Quando a vida emocional se expressa espontânea e cruamente entra-se na insensatez e no desatino, se a experiência for obsessiva ou, pelo contrário, na mística mais profunda ( percepção maior da realidade O se for positiva e gratuita.

 

2.  Mutação dos Sentidos

Verdadeiramente os sentidos influenciam as nossas emoções e, consequentemente o próprio agir.  Não podemos separar, sem desagradáveis conseqüências, a emoção da razão e do próprio atuar.  É verdade que hoje os nossos jovens, e também alguns adultos, mudaram aquele axioma cartesiano do "penso logo existo",  para o " sinto, logo existo".  Mas, nem tudo o que entra pelos sentidos, dá sentido à vida!  O que temos na mente, desejamos; e provavelmente, faremos!

 

A mente está cheia de imagens provenientes da carne e das sondas sensoriais do corpo.

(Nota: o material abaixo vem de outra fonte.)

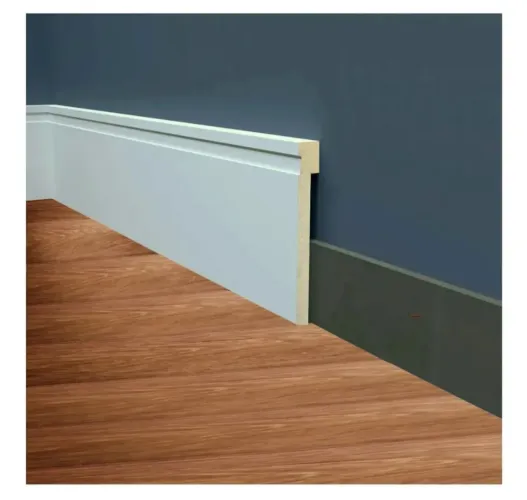 Rodapé de MDF 12cm×18cmx180cm Barra de Sobrepor com Friso 202
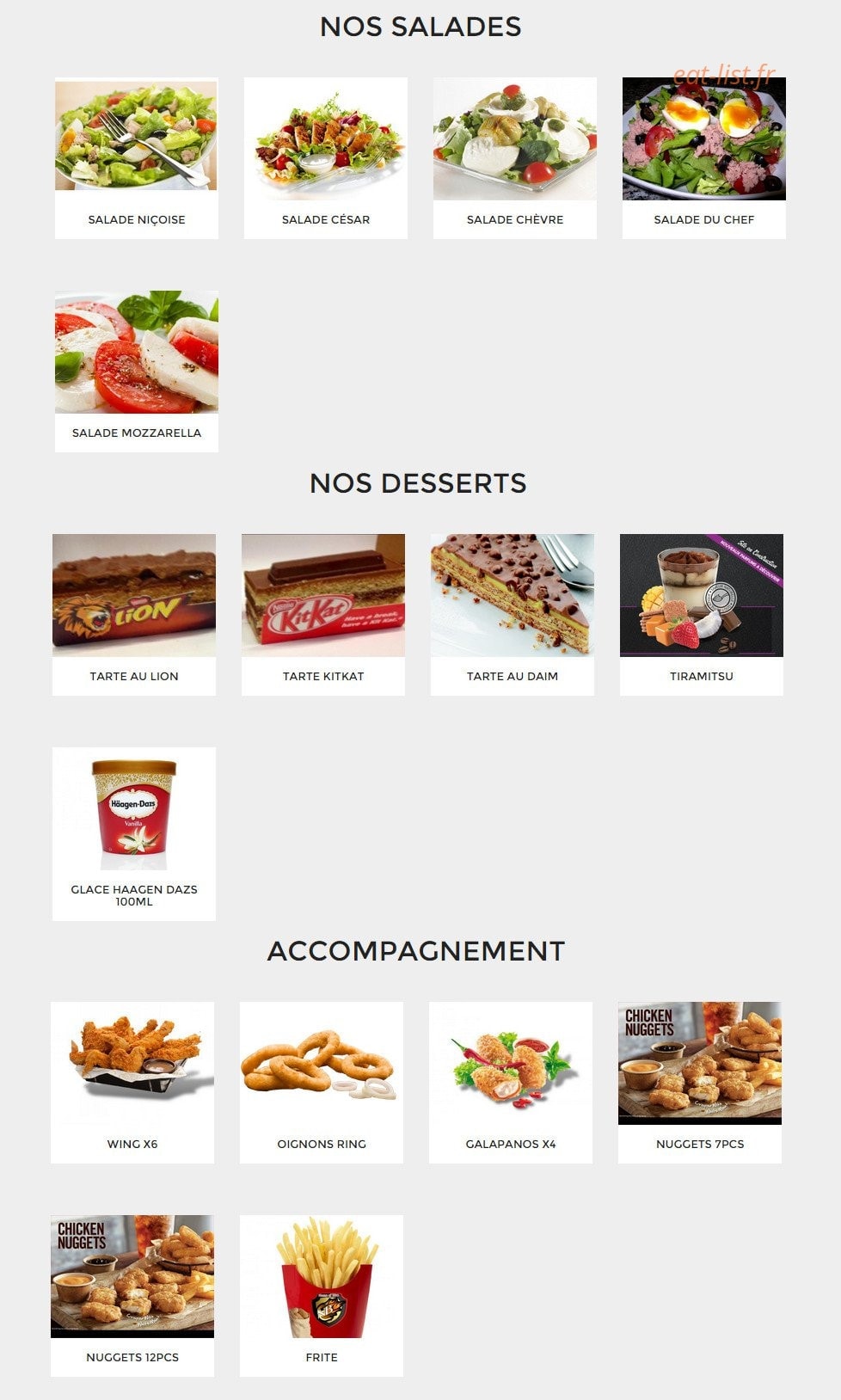 Le New Burger — carte page 4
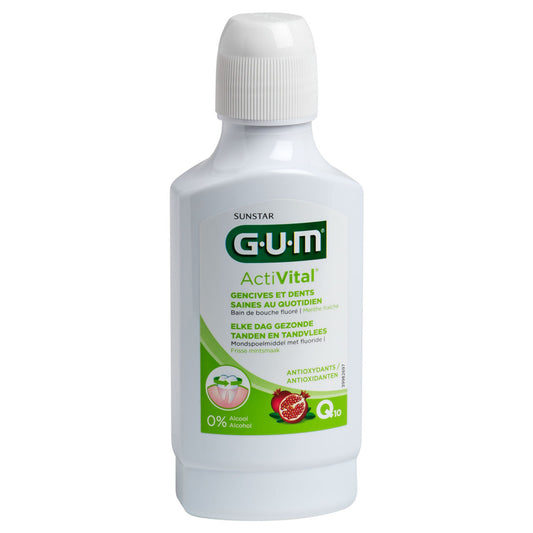 GUM Activital mouthwash bottle, 300ml, in a clear plastic container with a white cap, showing the mouthwash liquid inside.
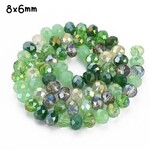 8x6mm Faceted Rondelle, approx 65pcs, 16" strand, mixed green tones plated ab, hole 1mm, glass beads, 29gms/1.02oz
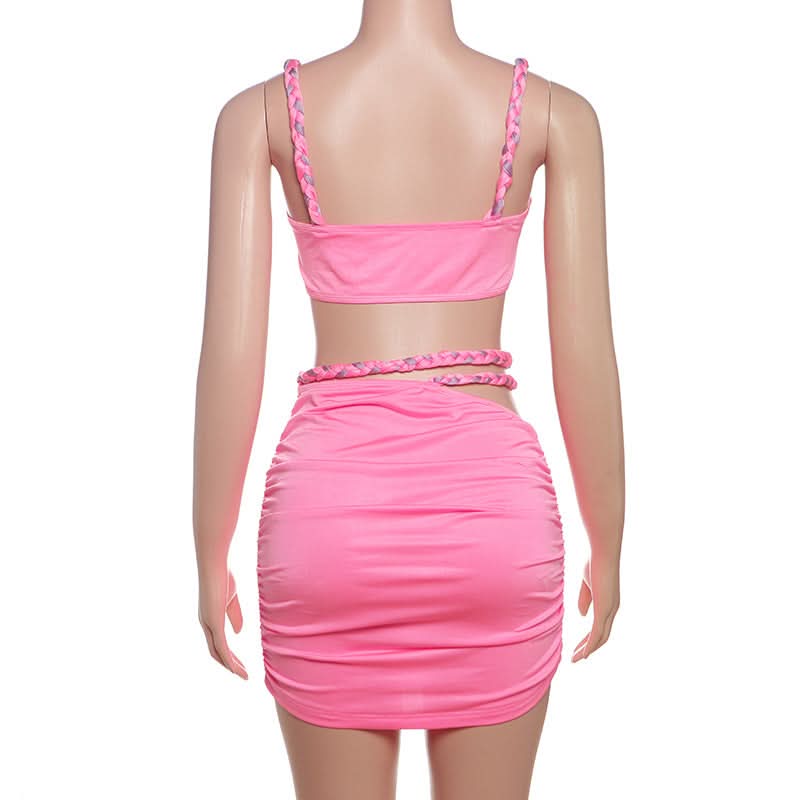 Show-Stopping Hot Pink Braided Ruched Two-Piece Set | Trendy Crop Top & Mini Skirt for Parties & Vacations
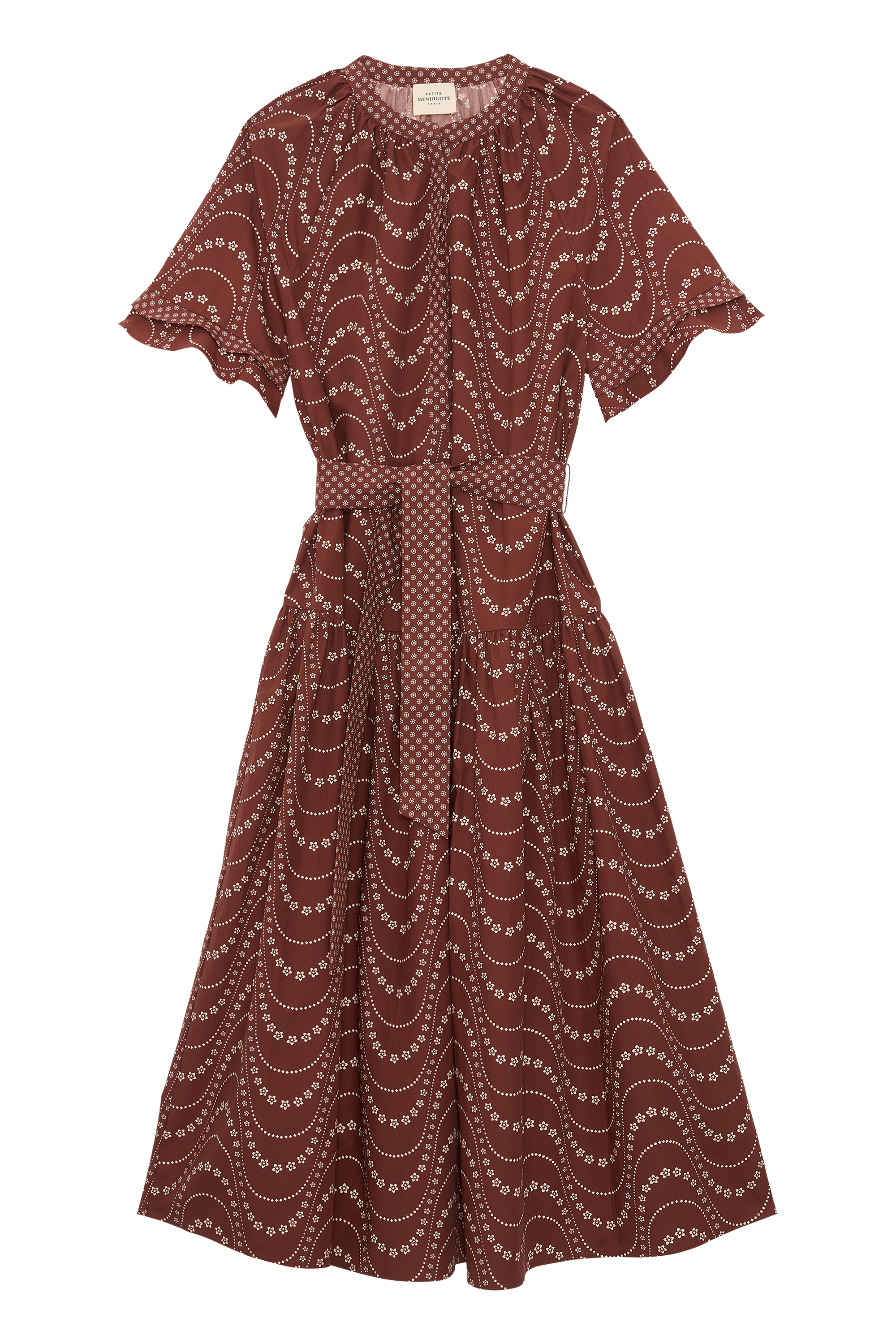 Charlie - Long, flowing, printed brown short-sleeved dress Petite Mendigote Charlie - Long, flowing, printed brown short-sleeved dress Petite Mendigote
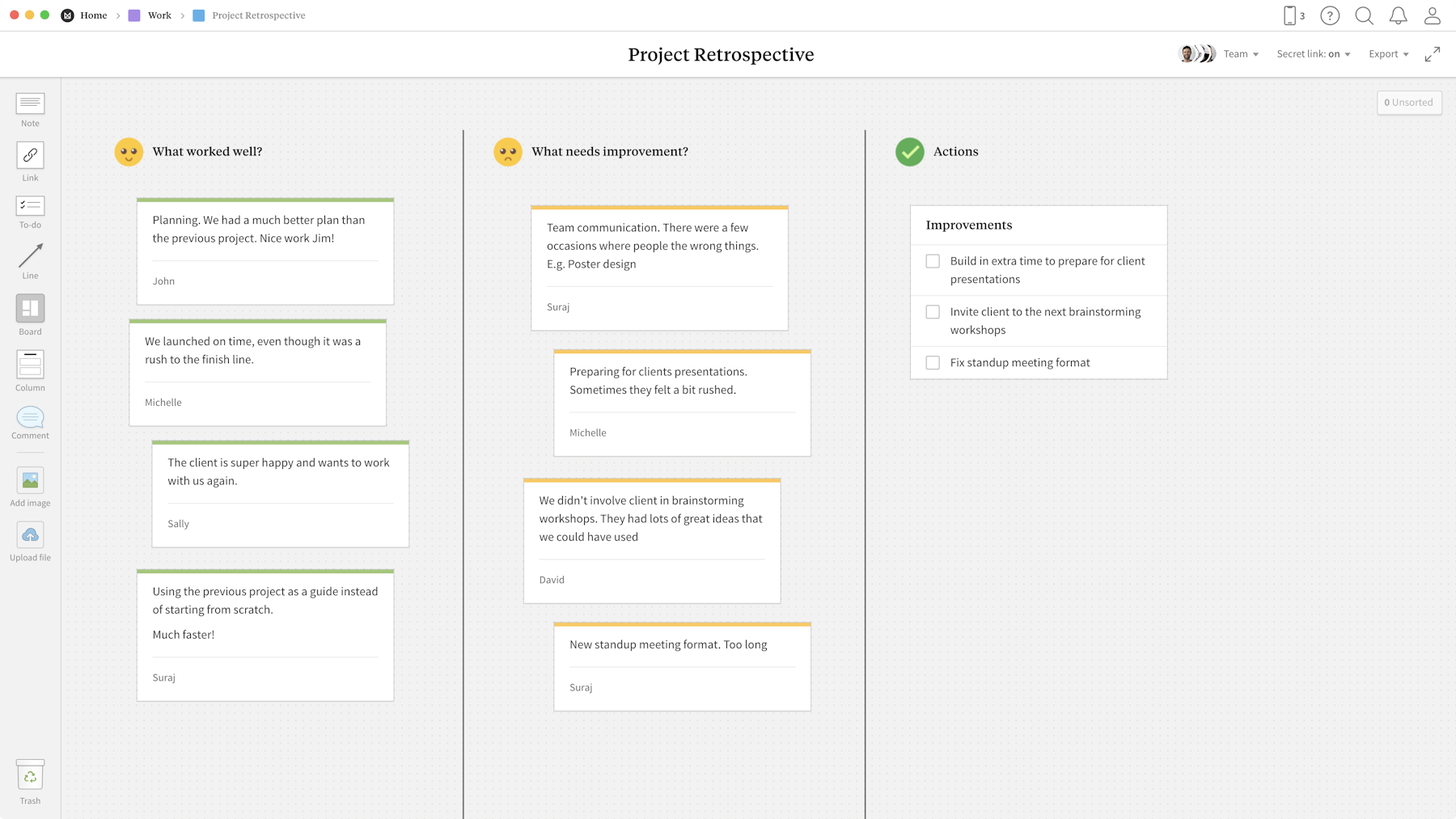 Project Retrospective Template & Example - Milanote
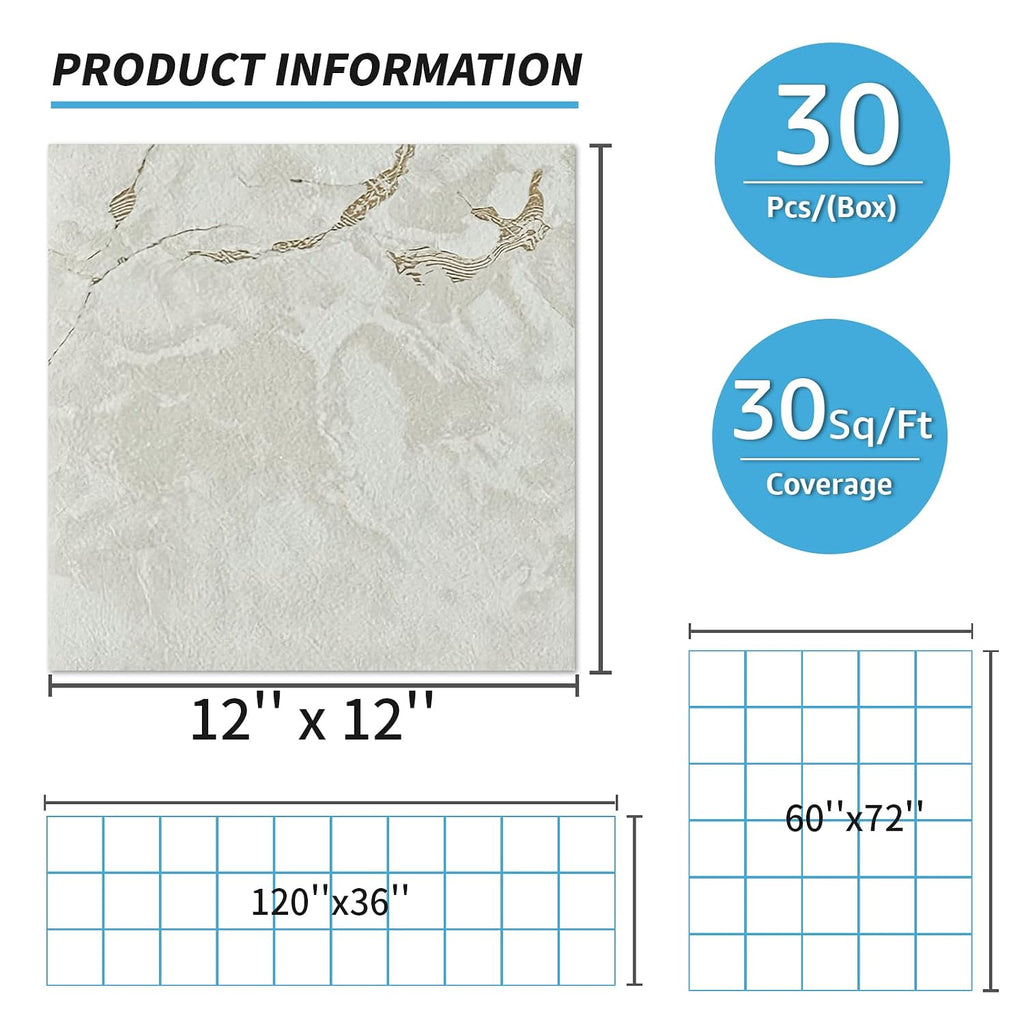 30-Pack Peel and Stick Floor Tiles, 12" x 12", White Grey Vein Marble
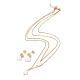Doppellagige Halsketten mit Herzanhänger aus synthetischer Muschel und baumelnde Ohrstecker SJEW-F217-03B-G-1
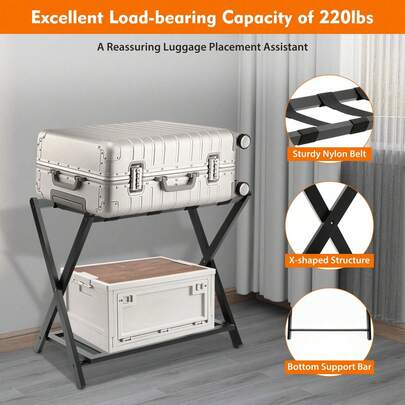 SanBouSi Luggage Rack Luggage Holder Foldable Suitcase Stand 2-Tiers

Conhecemos a realidade não só pela lógica da ciência, nível reflexivo, mas também pelo experimentado e sentido.  É verdade que se este primeiro "sentir é o elemento constitutivo do nosso" pensar".  As nossas emoções dão ênfase e relevo as coisas a ás pessoas.  "Os sentidos são a porta da alma"diziam os antigos. Contudo, não podemos polarizar entre o sentir e o pensar, entre o instintivo e o espiritual, pois não são realidades opostas, mas interdependentes e relacionadas. O "sentir" instintivo se tornará, com o tempo, mais responsável e inteligente e o "pensar" reflexivo se fará intuitivo e emocional.

 

Como superar o nível primitivo e instintivo e chegar a um outro mais desenvolvido e humana, no uso dos cinco sentidos ? Como passar do individualismo hedonista para experiências mais positivas e sociais ? Enfim, como sair da irresponsabilidade infantil e atingir maior responsabilidade e humanidade ?

 

O desencanto da sedução começa com o passar do tempo.  Os sentidos superam sua primitiva fixação buscando expressões maiores e melhores.  O que antes atraia de modo irreprimível, inexplicavelmente se abre para maiores significados. Há uma mutação não da realidade, que teimosamente continuando a mesma, mas dos valores e interpretações experimentados.  A segunda Semana de Exercícios Espirituais, com a contemplação de Jesus e da sua proposta, libertam da servidão dos sentidos, passando das coisas para as pessoas.  Só o amor é capaz de relativizar e suplantar experiências passadas.

 

Vejamos esta dinâmica da passagem.  Peguemos por exemplo o "tato", o mais primitivo e imperfeito dos sentidos, como modelo desta possível mudança radical.  As mãos e a sensibilidade dos dedos buscam, desde o tempo dos nossos ancestrais, o prazer e o saber com o seu toque mágico, O "tato", o mais carnal dos sentidos, pode transformar-se, por graça, no mais espiritual deles.  E o que acontece com um dos sentidos, pode ocorrer com qualquer um dos outros.

 

A Antropologia bíblica coloca no "tato" uma multiplicidade de funções e significados.  A "mão", quem diria, é um dos membros do corpo mais citados na bíblia. 1500 vezes.  A mão expressa tanto o ato de ocasionar dor ou prazer, como também força, ternura, misericórdia  e compaixão do próprio Deus.

 

Não só a pessoa se tocam umas às outras, mas também são tocadas pelo mesmo Deus.  Deus" toca" a boca do profeta Jeremias antes de confirmar-lhe uma missão. Um anjo "toca" Elias pedindo-lhe para alimentar e retornar o seu caminho. Um Serafim com um carvão acesso " toca" eroticamente a boca de Isaías, apagando todo o seu pecado ( Is 6,6 ) . O mesmo Jesus toca os doentes, os impuros, os pobres, as crianças para curar e salvar; toca e é tocado. É a divina filantropia, o amor divino nas mãos do Senhor.